L’uomo s’inchinò profondamente, prima di iniziare a parlare con voce composta e apparentemente educata. «Signorina Cassandra Barone, vero?» domandò quest’uomo, l’occhio di vetro che luccicava. «Piacere di conoscerla, immagino che questa sia la sua famiglia.»
«Cassandra chi è quest’uomo?» chiese Lucrezia, alla figlia maggiore.
«Non ne ho idea madre.» Cassandra era immobilizzata, senza via di fuga e senza possibilità di poter proteggere la sua famiglia. «Vi prego, lasciate stare mia madre e mia sorella. Se volete me, fatele andare via.»
«Ma che dici Cassandra» replicò Lucrezia. «Non ti lascerò mai da sola qui, con questi esseri.»
«Maghi signora» ribatté quell’uomo, con un sorriso astuto tatuato sulle labbra. «E lo è anche sua figlia. Ha già ricevuto la sua prima lettera dalla Scuola di Magia e Stregoneria di Hogwarts?» chiese quell’uomo, con una beffarda ironia.
Cassandra sbarrò gli occhi incredula. «Che cosa…» sussurrò sorpresa la ragazza, pensando a tutte le volte in cui succedeva qualcosa di strano che non riusciva a spiegarsi.
Successe tutto in un minuto.
La madre estrasse una pistola, che finora aveva tenuto nascosta nella giacca. Cassandra urlò spaventata, mentre Sophie abbracciava forte Lucrezia.

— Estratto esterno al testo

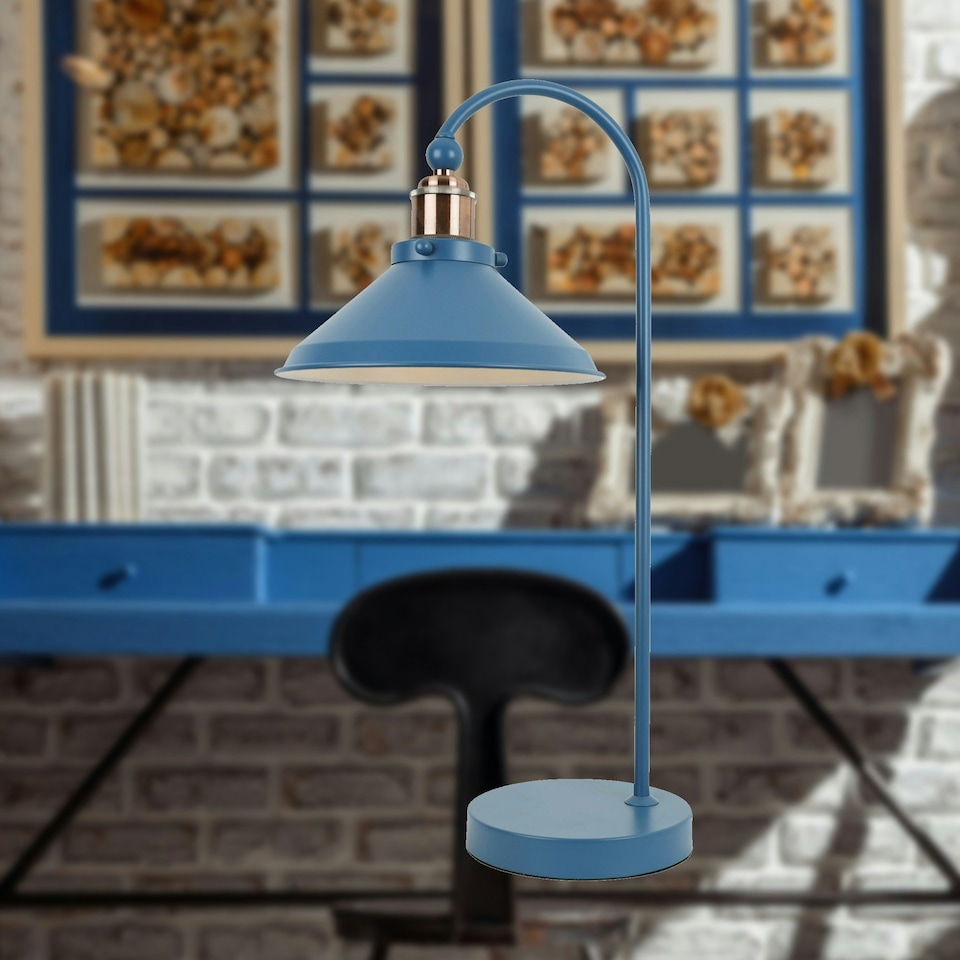 image 1 of First Choice Lighting Set of 2 Maxwell Mirage Blue Brushed Copper Task Table Lamps | Blue | Copper | Large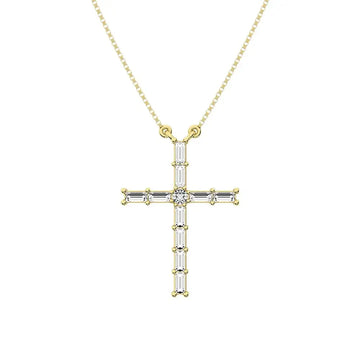 10K Yellow Gold 1/4 Ct.Tw. Diamond Round and Baguette Cross Necklace - Larson Jewelers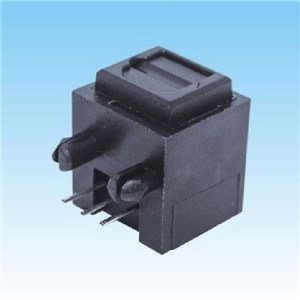 90 Degree 3 Pin Plug Style Optical Fiber Transmitter Connector Without Fixed Orifice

Un lampo di luce verde scattò da un bastoncino che colpì Lucrezia, lasciandola tramortita a terra con occhi sbarrati, insieme a Sophie, ormai divenuta silenziosa e immobile.
Cassandra non comprese più nulla, non riusciva più a capire né dove si trovasse, né cosa stesse accadendo. Il tempo si fermò, lei si estraniò da quel luogo di morte.
L’ultima cosa che vide prima di scatenare l’inferno sulla terra furono gli occhi sbarrati, dai quali traspariva l’orrore, riversi verso il cielo di sua madre.
Improvvisamente, ella iniziò a urlare arrabbiata, disperata, tramortita dal dolore; un bruciore dentro che la consumava, che non riusciva a contenere dentro e che doveva esternarlo ad ogni costo. E così fu.
Iniziò da un’esplosione di rami, breccia e alberi fino a colpire i loro aggressori che rimasero uccisi da quelle esplosioni. Una lingua di fuoco venne a circondare l’uomo biondo, il quale rimaneva estasiato da quella potenza di fuoco e morte. Guardava la ragazzina rapito, ammaliato ed avido. Egli pensò che doveva averla a tutti i costi.
Grindelwald iniziò ad avanzare, a fare degli incantesimi per arginare il fuoco, ma non aveva messo in conto un fatto. Un mago, che conosceva molto bene, sopraggiunse vicino alla ragazza, proteggendo lei e se stesso da quella devastazione e portando via con sé la sua preda.